[[ Exercise inputs open ]]

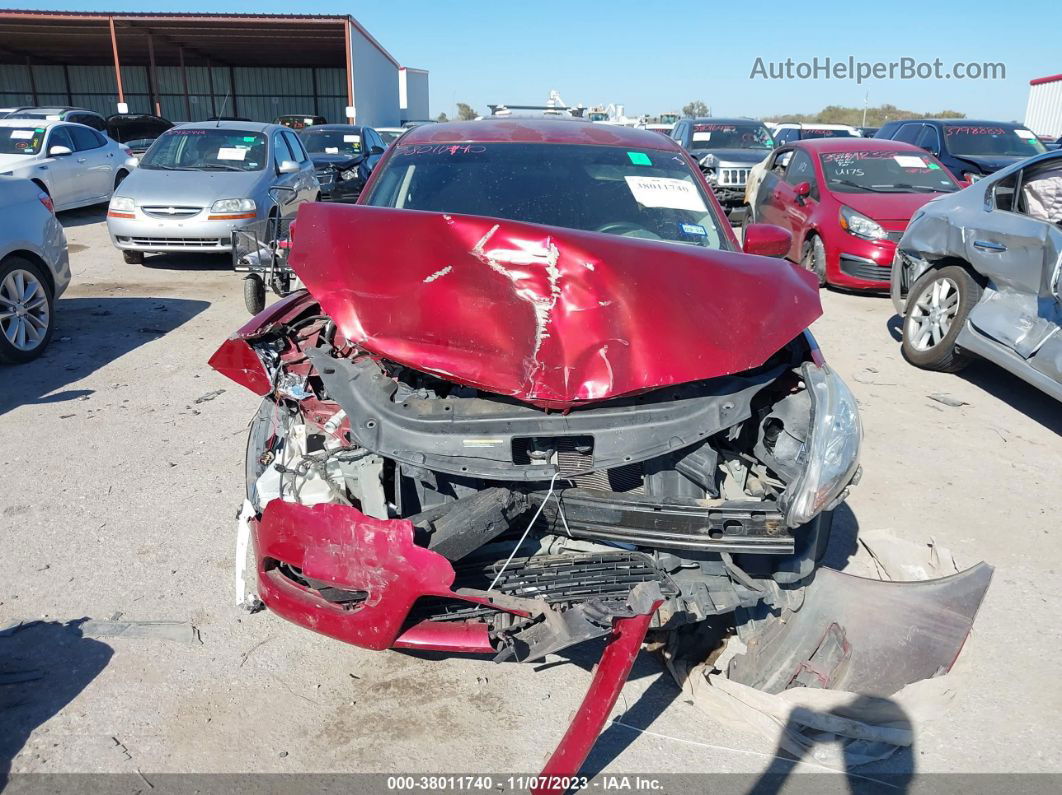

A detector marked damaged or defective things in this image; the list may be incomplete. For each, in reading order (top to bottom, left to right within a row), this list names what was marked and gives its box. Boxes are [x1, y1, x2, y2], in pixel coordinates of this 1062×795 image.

crumpled red hood [288, 204, 824, 410]
severely damaged car [892, 147, 1056, 402]
damaged suv [212, 121, 992, 788]
severely damaged car [210, 119, 996, 784]
cracked headlight housing [784, 366, 860, 528]
torn radiator support [532, 580, 664, 792]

[[ Exercise inputs closed ]]

### What you should do
Each entry is to be returned precisely as it appears, but the pictures are to be dropped.

### Output for this exercise
A detector marked damaged or defective things in this image; the list may be incomplete. For each, in reading order (top to bottom, left to right within a row), this list names what was marked and gives its box. Boxes are [x1, y1, x2, y2], in pixel coordinates of this 1062×795 image.

crumpled red hood [288, 204, 824, 410]
severely damaged car [892, 147, 1056, 402]
damaged suv [212, 121, 992, 788]
severely damaged car [210, 119, 996, 784]
cracked headlight housing [784, 366, 860, 528]
torn radiator support [532, 580, 664, 792]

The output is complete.